Lambert stands back and looks at the row of open squares where the calendars used to be. They’re much cleaner than the rest of the wall. Such neat, pale, white squares. He smiles at his luck. Now he’s got frames into the bargain as well. Now he can paint nicely inside the frames. And all the things that work will be the same size.

What first? No, where first? In the middle, the middle block in the back wall. Then he can paint backwards to the end on the one wall, and forwards on the other wall to the beginning. But the middle is actually the beginning. Maybe he should paint one block that way and one block this way, starting from the middle. Then everything will fill up evenly. Not like a line that you draw, but like a scale with arms that you load evenly so it balances out. Suddenly he’s got a huge thirst from all the excitement. He grabs the half-full bottle of Coke in the open fridge without even looking, swigging a few big sips. He doesn’t once take his eyes off the wall. He can fucken see it! A whole gallery full of things that work. Pests! Moles! Ants! Creepies!

Now, what first? In the middle frame? A bee, he thinks.

How does a bee look again? He must know, there were so many dead bees after the fuck-up when he threw water into the hive.

A bee’s got two pieces. A head-piece and a tail-piece.

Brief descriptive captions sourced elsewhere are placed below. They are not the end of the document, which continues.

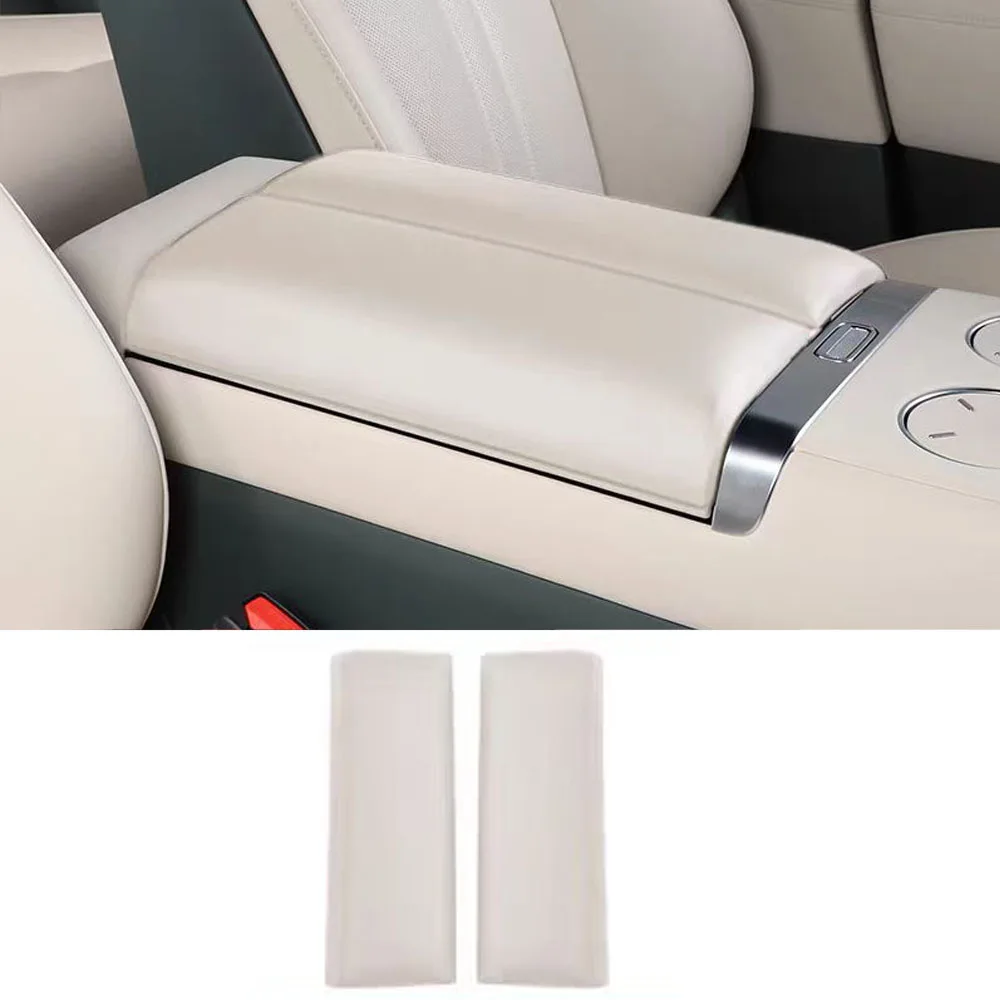 

Fit For Xiaomi YU7 2025 Armrest Box Height Increasing Pad buckle Style Adhesive Free Protective Cover Armrest Protective Cover
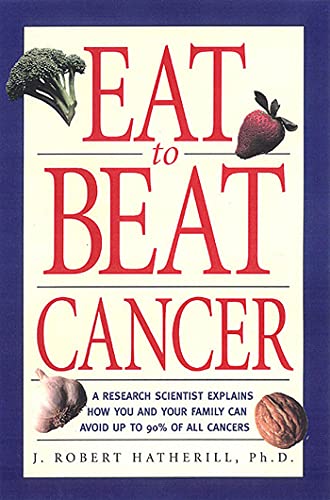 Eat To Beat Cancer Cover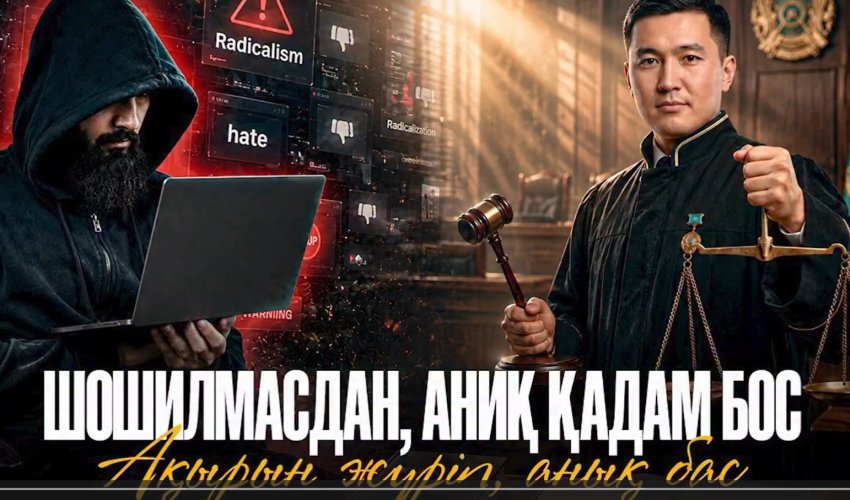 Шошилмасдан, аниқ қадам бос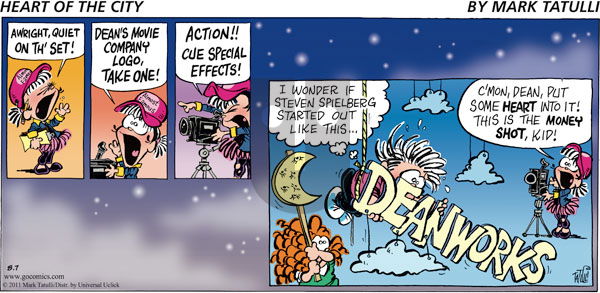 Heart of the City on Sunday August 7, 2011 Comic Strip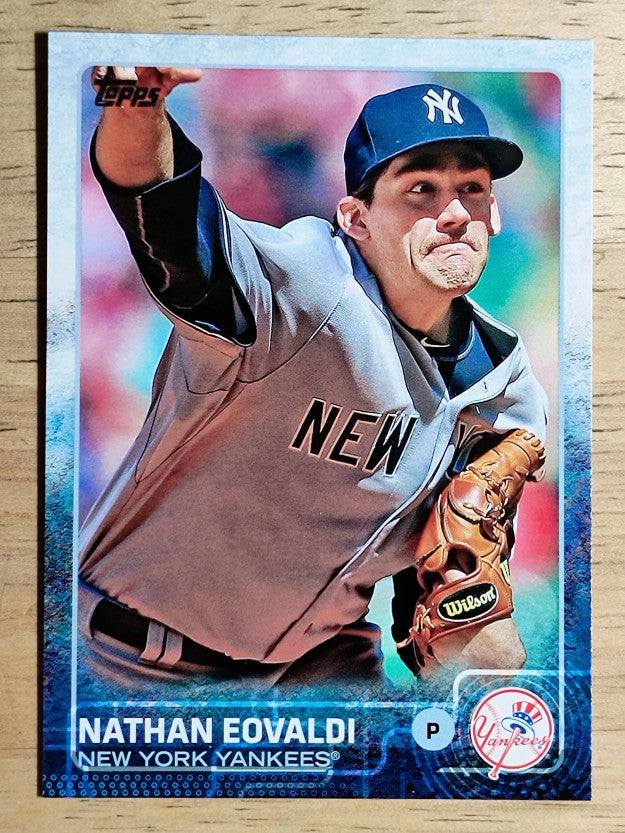 2015 Topps Update #US27 Nathan Eovaldi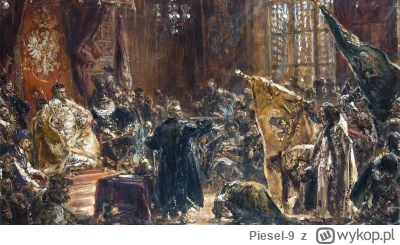Piesel-9 - 28.08.1610 - po rozbiciu wojsk rosyjsko-szwedzkich pod Kłuszynem Stanisław...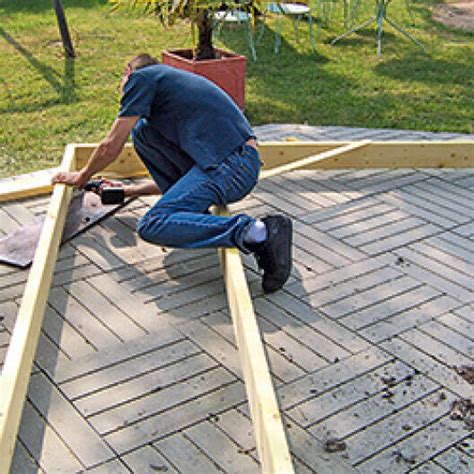 Construire Soi Même Son Extension En Bois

He gets on to the Tedelex with the narrow brush and the tin of black paint. He gets his angle right. First he paints the outline of the head, and then, a little bigger, the outline of the body. The outline comes out nice and smooth and shiny. But the bee’s too small. It doesn’t fill the frame so nicely. What now? He adds another piece of tail to the bee. And now? Now the head’s too small. Wait, he knows. This bee is going to become Superbee. It’s going to get two more heads, one on either side of the middle one. That’s easy. Lambert gets down from the Tedelex and looks up at his Superbee. It’s becoming a bee to beat all bees! He smiles. The more heads, the more legs and the more wings, the better this bee’s going to work.